L’intégration des personnes ayant obtenu l’asile est aussi l’un des principaux défis du quinquennat ?

Les objectifs fixés par Emmanuel Macron sont évidemment nécessaires pour améliorer l’intégration. Sur l’année dernière, près de 36 000 personnes ont accédé au statut de réfugié. Cette proportion n’est pas marginale. En 2017, ce sera la même chose. En France, nos discours de politique d’intégration sont toujours emprunt d’un grand lyrisme. Mais cette politique publique est totalement déficiente, c’est l’enfant pauvre de nos politiques publiques ! Déjà en termes de moyens. Prenons un exemple : pour s’intégrer, il faut pouvoir parler la langue. Or, en France, notre politique linguistique pour les primo-arrivants, c’est 200 heures de cours de Français pour seulement un cinquième de ces primo-arrivants. Ce n’est rien. A titre de comparaison, l’Allemagne prévoit 900 heures d’enseignement linguistique.

Que préconisez-vous pour améliorer l’intégration des réfugiés ?

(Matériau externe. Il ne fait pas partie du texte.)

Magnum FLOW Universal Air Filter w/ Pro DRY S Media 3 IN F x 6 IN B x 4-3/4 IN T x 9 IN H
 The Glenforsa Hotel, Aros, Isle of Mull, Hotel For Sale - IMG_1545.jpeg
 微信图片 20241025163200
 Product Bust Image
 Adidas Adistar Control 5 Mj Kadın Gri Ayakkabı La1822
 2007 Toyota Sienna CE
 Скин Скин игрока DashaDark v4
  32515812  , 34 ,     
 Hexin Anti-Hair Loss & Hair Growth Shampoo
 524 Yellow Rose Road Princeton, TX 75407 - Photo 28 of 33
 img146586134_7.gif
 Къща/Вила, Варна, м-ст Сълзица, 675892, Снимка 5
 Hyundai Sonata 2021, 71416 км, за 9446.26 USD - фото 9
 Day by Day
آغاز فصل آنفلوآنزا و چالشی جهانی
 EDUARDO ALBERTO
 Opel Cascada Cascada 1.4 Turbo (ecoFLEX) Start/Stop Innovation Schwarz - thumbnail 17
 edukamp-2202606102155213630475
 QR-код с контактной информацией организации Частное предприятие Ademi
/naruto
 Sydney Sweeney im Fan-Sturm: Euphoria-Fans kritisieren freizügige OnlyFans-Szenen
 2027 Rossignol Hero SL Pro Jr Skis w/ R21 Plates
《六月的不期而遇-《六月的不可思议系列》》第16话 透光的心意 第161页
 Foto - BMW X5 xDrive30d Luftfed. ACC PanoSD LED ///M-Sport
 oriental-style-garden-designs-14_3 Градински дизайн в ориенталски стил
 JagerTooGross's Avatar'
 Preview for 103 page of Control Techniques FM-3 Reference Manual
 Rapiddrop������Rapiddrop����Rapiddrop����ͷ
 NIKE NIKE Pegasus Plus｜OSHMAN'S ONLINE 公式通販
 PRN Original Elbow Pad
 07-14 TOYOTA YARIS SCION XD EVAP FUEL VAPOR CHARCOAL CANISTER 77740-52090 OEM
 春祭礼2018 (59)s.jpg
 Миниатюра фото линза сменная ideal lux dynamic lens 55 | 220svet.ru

Déjà, il faut savoir que les réfugiés à qui on a accordé l’accueil mettent, en règle générale, dix ans pour obtenir un emploi stable. Et quinze ans pour se retrouver dans des situations comparables à celle des «natifs». Je ne parle même pas des femmes réfugiées ou de celles accueillies au motif du regroupement familial, dont le taux d’emploi est encore plus faible. Ce qu’il faut absolument, c’est coordonner l’ensemble des acteurs de l’intégration, qui sont aujourd’hui dispersés. En 2015, l’Allemagne a mis en place un plan pluriannuel sur quatre ans, adossé à 75 milliards d’euros de budget. Toutes proportions gardées, je pense que nous devons faire la même chose. Ce processus de programmation nous permettra de rendre notre politique d’intégration plus efficace et plus harmonieuse.